#### COLLECTED DATA

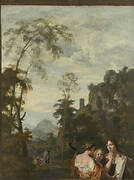 Italian Landscape with three Women Making Music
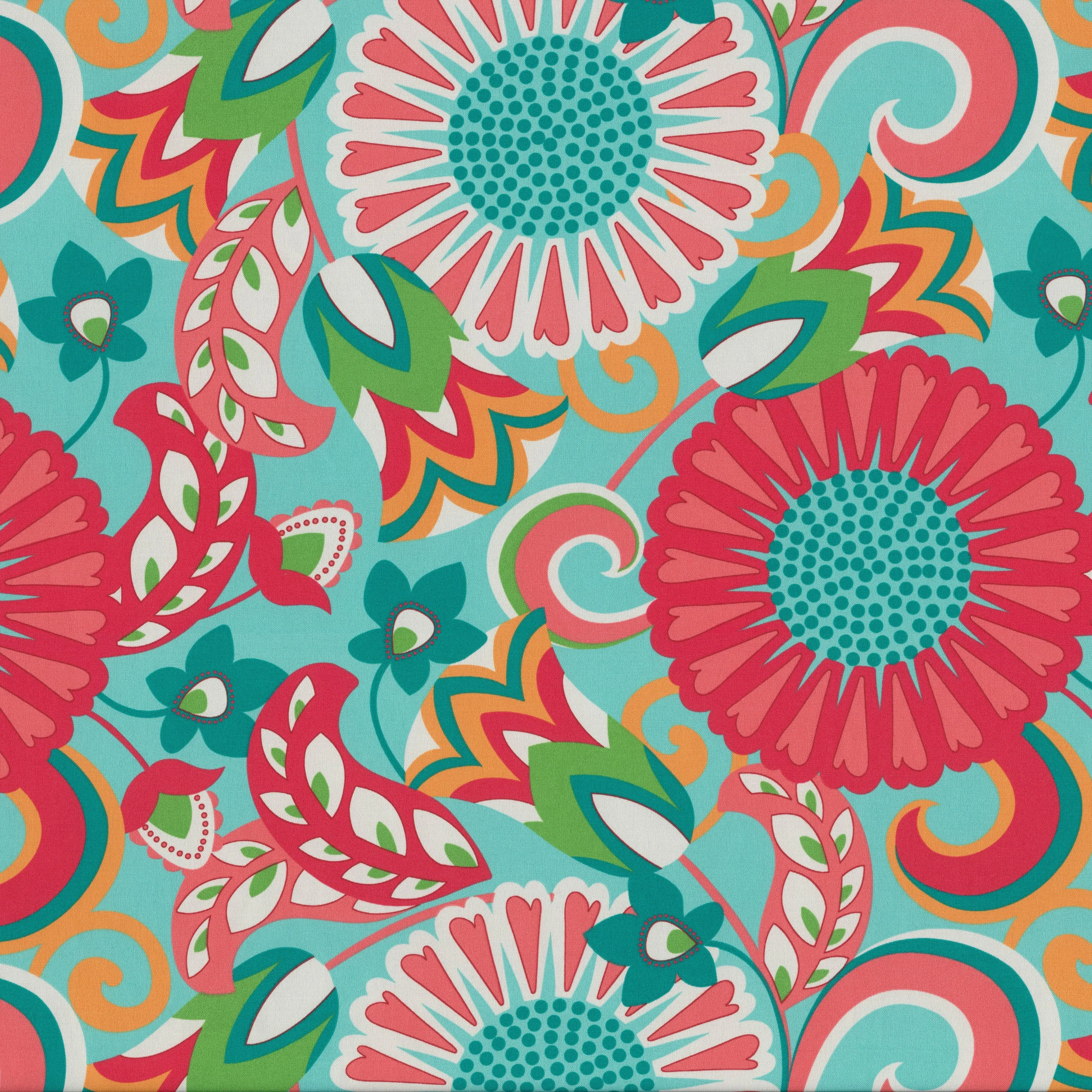 Sophia Turquoise/Coral 56" Blown Bench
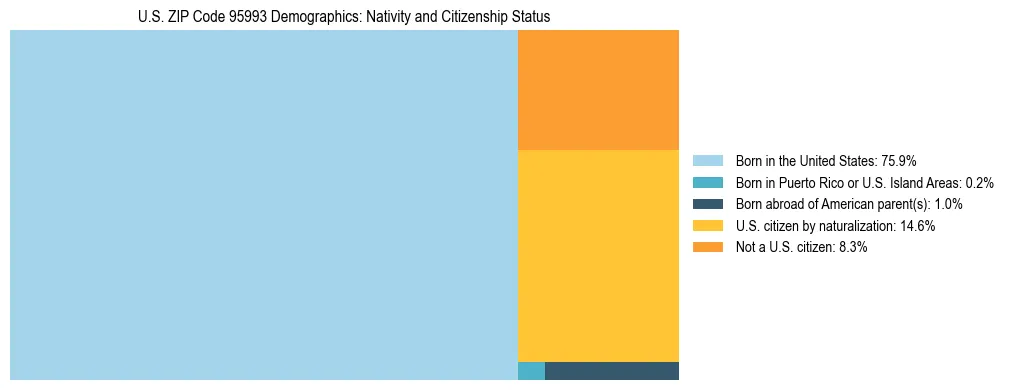 Treemap showing the population distribution by nativity and citizenship status in US ZIP Code 95993 based on U.S. Census data.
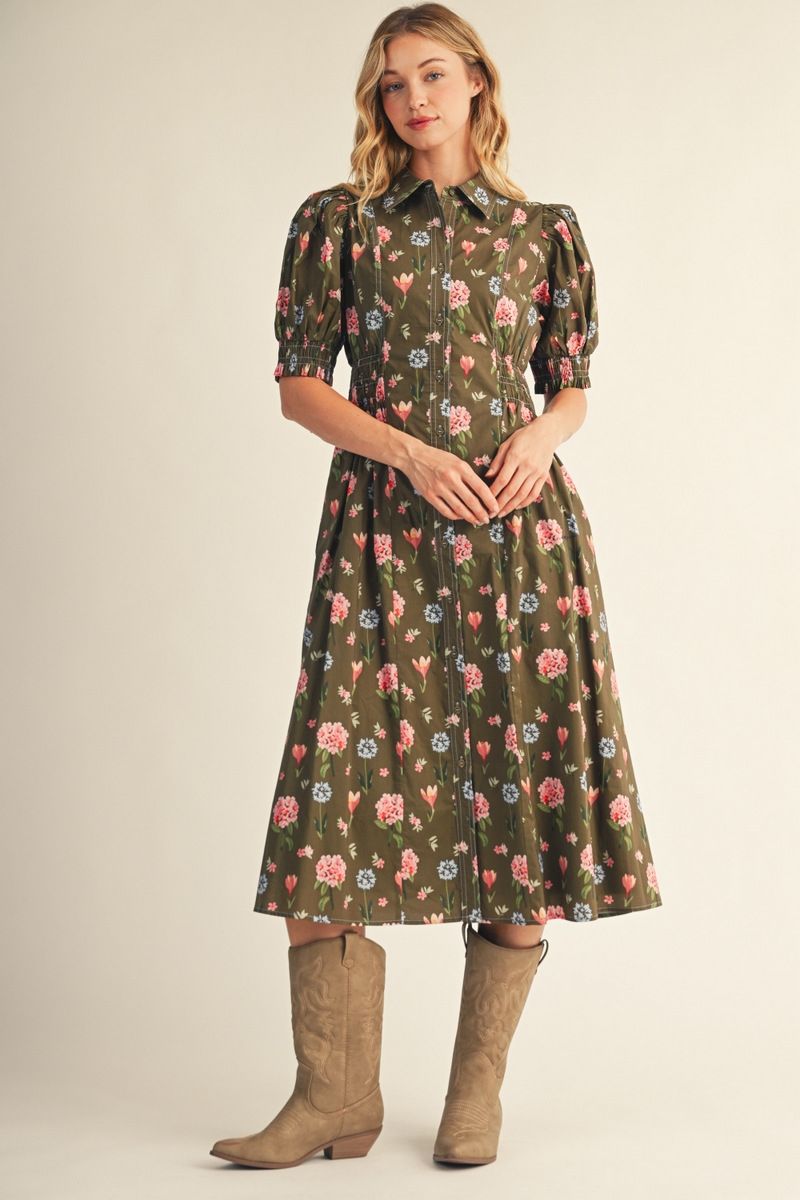 FLORAL DETAIL MIDI OLIVE DRESS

#### WORK INSTRUCTION
In the copy, keep every line of the data above exactly and drop each picture.

#### SOLUTION FOR THIS PROBLEM
 Italian Landscape with three Women Making Music
 Sophia Turquoise/Coral 56" Blown Bench
 Treemap showing the population distribution by nativity and citizenship status in US ZIP Code 95993 based on U.S. Census data.
 FLORAL DETAIL MIDI OLIVE DRESS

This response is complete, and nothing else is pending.